Martedì scorso all’incontro di preghiera lo abbiamo toccato con mano ancora una volta. Inaspettatamente scendono dal nostro autobus più persone del solito e subito vediamo dei volti nuovi. Una delle nostre giovani ha portato con sé cinque ragazze siriane, arrivate in Giordania da pochi giorni per il colloquio per ottenere il visto per l’America. Si guardano intorno stupite e ci chiedono di vistare l’Arsenale per capire meglio chi siamo. Le affidiamo a una delle nostre volontarie, mentre noi accogliamo gli altri ragazzi, giordani e iracheni, che ormai da tempo frequentano l’Arsenale. Ci sono anche due giovani sposi italiani che hanno deciso di condividere con noi il loro viaggio di nozze. Subito i ragazzi iracheni cominciano a raccontare della loro fuga dall’Iraq e di quello che hanno vissuto in questi due anni in Giordania. Emozionati per le notizie che arrivano dall’Iraq, sperano e pregano che Mosul – la loro città – possa essere liberata presto. Condividono con noi le notizie ricevute dai loro parenti ancora in Iraq e le loro speranze, che ormai da tempo avevano messo da parte: “Se liberano Mosul e la situazione si ristabilizza po-tremmo tornare là…”. Intanto le ragazze siriane finiscono la visita dell’Arsenale e tornano da noi contente di quello che hanno visto nella nostra casa. Spontaneamente ci raccontano che sono di Homs, uscite per la prima volta dalla Siria tre giorni fa. Cala il silenzio, si abbassano gli sguardi, tutti pensiamo al dolore che attraversa questo Paese. Durante l’incontro di preghiera condividiamo le nostre riflessioni a partire dal Vangelo e poi ascoltiamo i nostri amici sposi che con semplicità e entusiasmo raccontano il loro desiderio di costruire una famiglia aperta al servizio degli altri.

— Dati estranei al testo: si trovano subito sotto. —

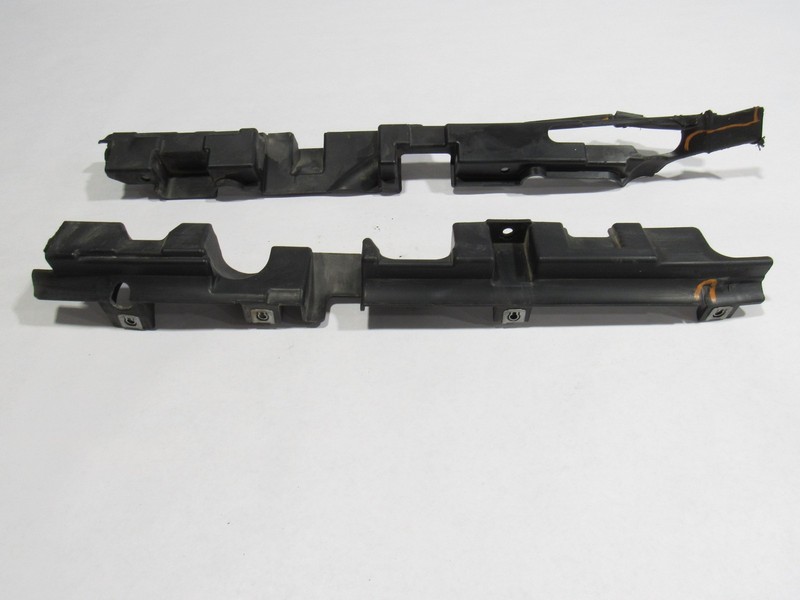 10-20 Bentley Mulsanne 2012 Front Radiator Bracket Mount Support Set 2 PCS @1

Guardiamo questo insieme di persone così diverse, che si sono però ritrovate a confrontarsi con semplicità. Constatiamo ancora una volta che il dialogo non ha bisogno di cose complicate o di grande diplomazia, ma di occasioni di incontro concreto, in cui i dolori, le fatiche e i sogni condivisi ci aiutino a rafforzare il nostro comune desiderio di bene e a costruire qualcosa di bello, insieme.